- **Exercise aim**: Return all of the data exactly, omitting any images.

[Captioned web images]

********************

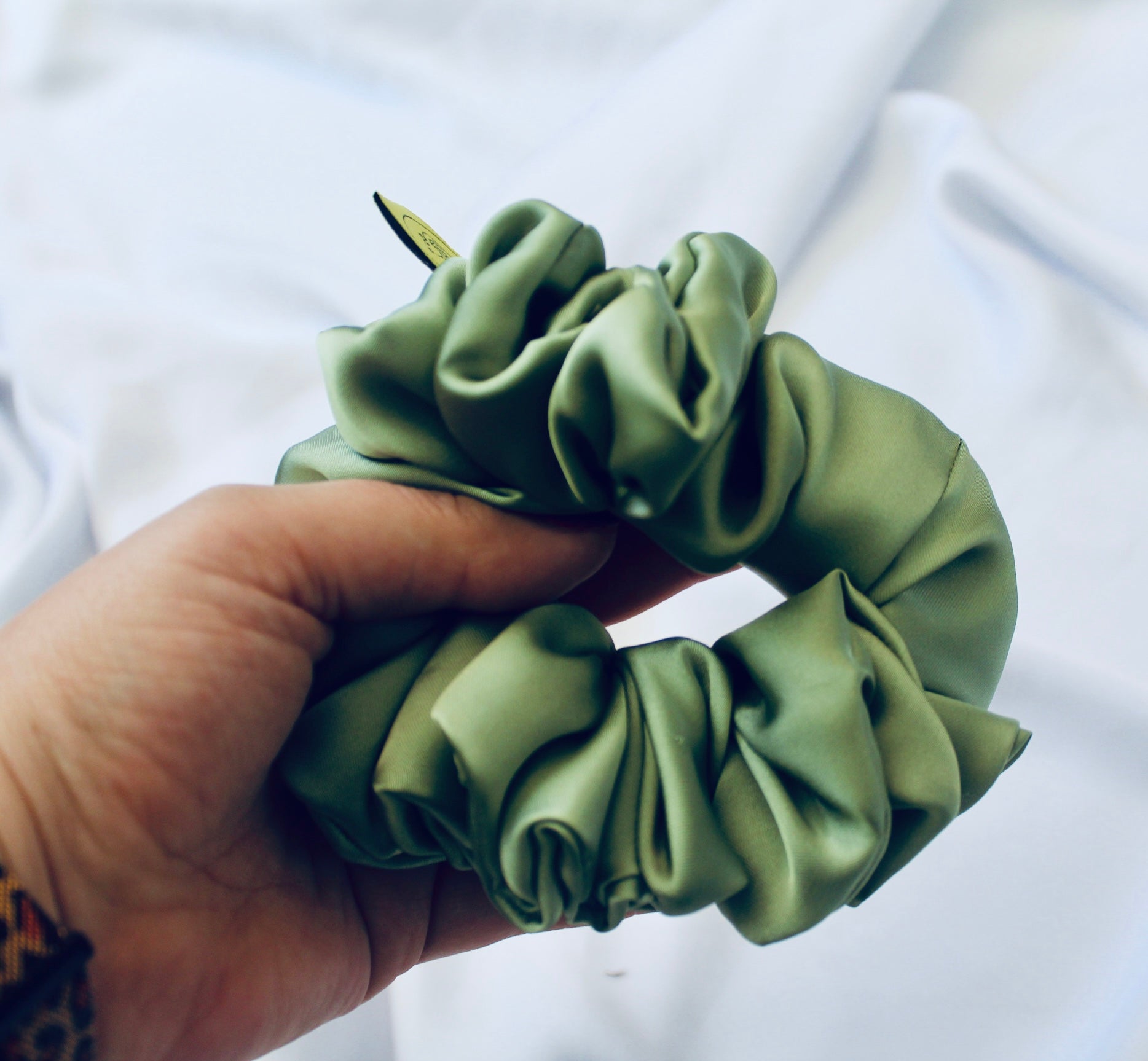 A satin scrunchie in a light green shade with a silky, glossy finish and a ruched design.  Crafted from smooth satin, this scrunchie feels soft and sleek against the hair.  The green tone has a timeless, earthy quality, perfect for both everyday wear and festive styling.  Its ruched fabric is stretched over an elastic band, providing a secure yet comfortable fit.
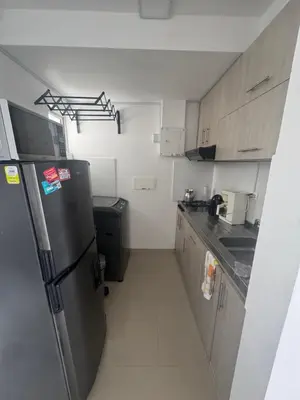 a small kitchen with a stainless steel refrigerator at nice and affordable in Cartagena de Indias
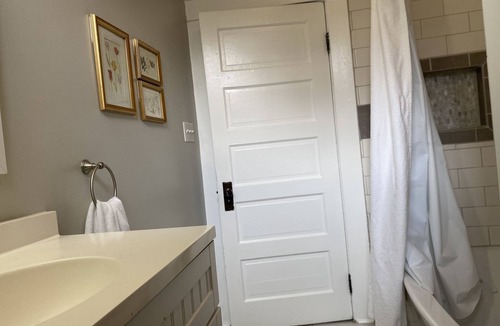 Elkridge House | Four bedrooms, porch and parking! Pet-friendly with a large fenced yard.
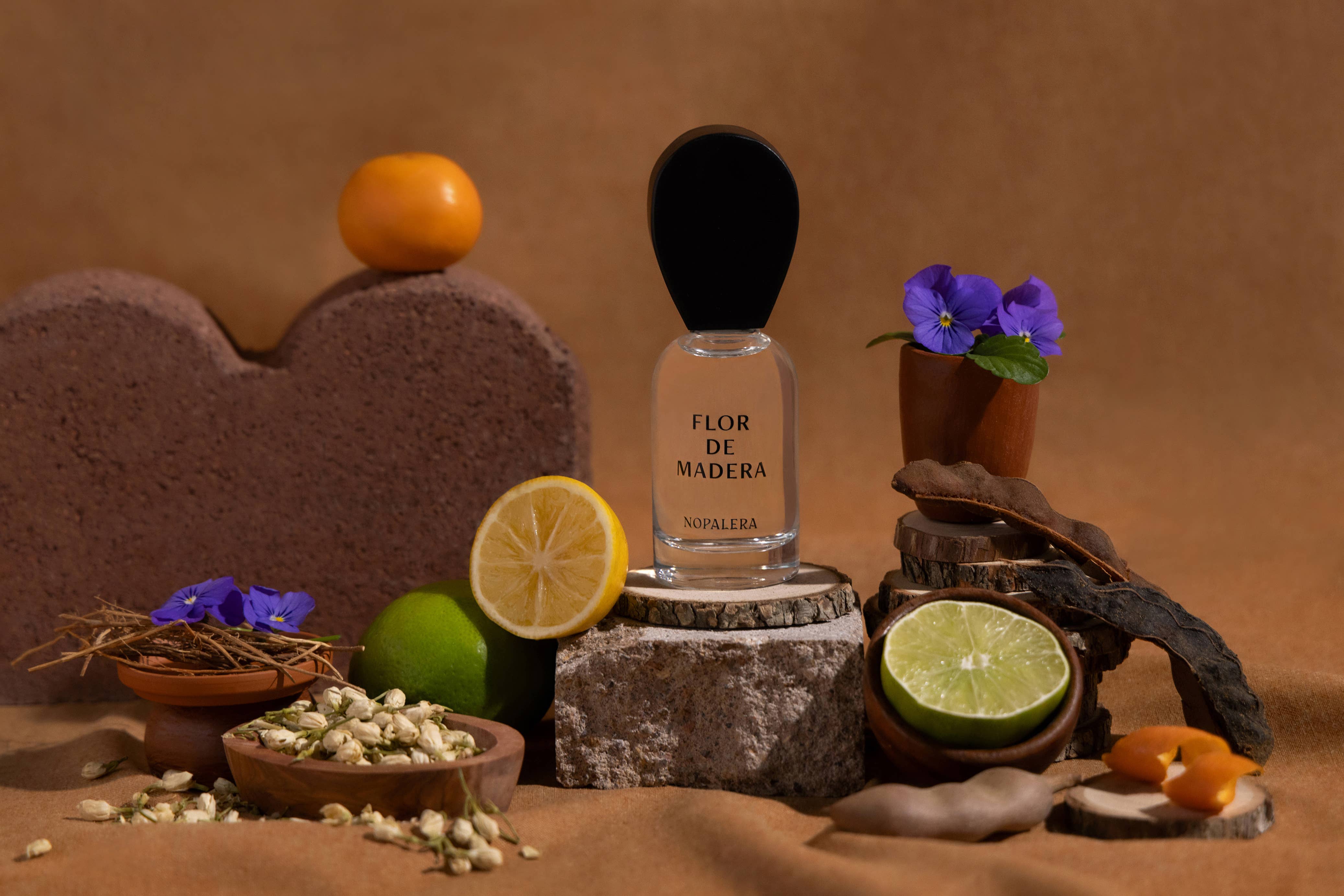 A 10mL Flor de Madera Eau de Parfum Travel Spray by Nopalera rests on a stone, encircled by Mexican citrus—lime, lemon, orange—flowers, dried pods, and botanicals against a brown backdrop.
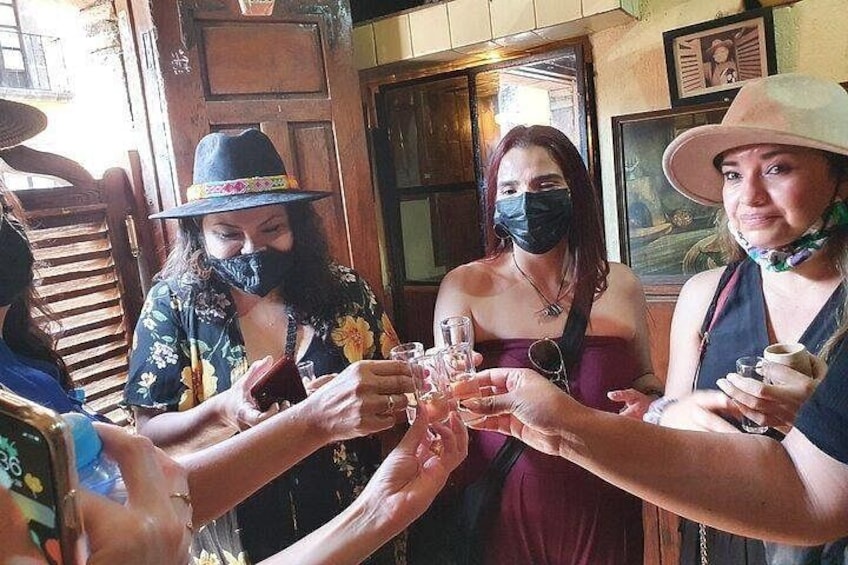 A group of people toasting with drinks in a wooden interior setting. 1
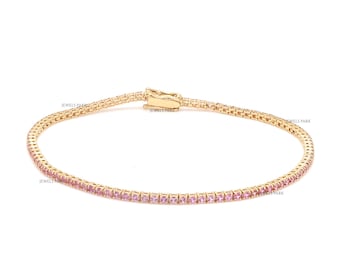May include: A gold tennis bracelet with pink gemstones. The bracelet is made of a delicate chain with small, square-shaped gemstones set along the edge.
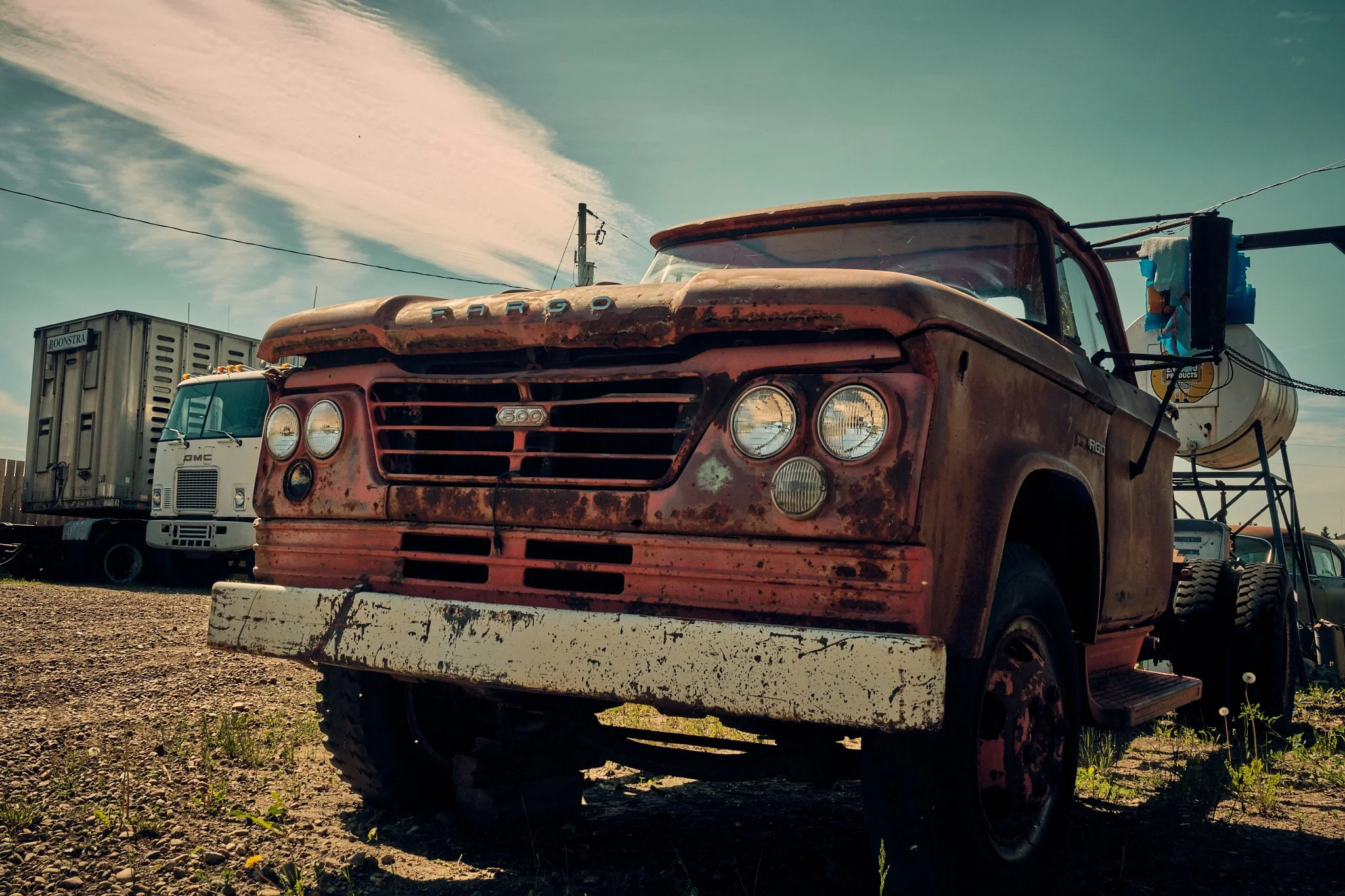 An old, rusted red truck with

********************

- **Exercise result**:
 A satin scrunchie in a light green shade with a silky, glossy finish and a ruched design.  Crafted from smooth satin, this scrunchie feels soft and sleek against the hair.  The green tone has a timeless, earthy quality, perfect for both everyday wear and festive styling.  Its ruched fabric is stretched over an elastic band, providing a secure yet comfortable fit.
 a small kitchen with a stainless steel refrigerator at nice and affordable in Cartagena de Indias
 Elkridge House | Four bedrooms, porch and parking! Pet-friendly with a large fenced yard.
 A 10mL Flor de Madera Eau de Parfum Travel Spray by Nopalera rests on a stone, encircled by Mexican citrus—lime, lemon, orange—flowers, dried pods, and botanicals against a brown backdrop.
 A group of people toasting with drinks in a wooden interior setting. 1
May include: A gold tennis bracelet with pink gemstones. The bracelet is made of a delicate chain with small, square-shaped gemstones set along the edge.
 An old, rusted red truck with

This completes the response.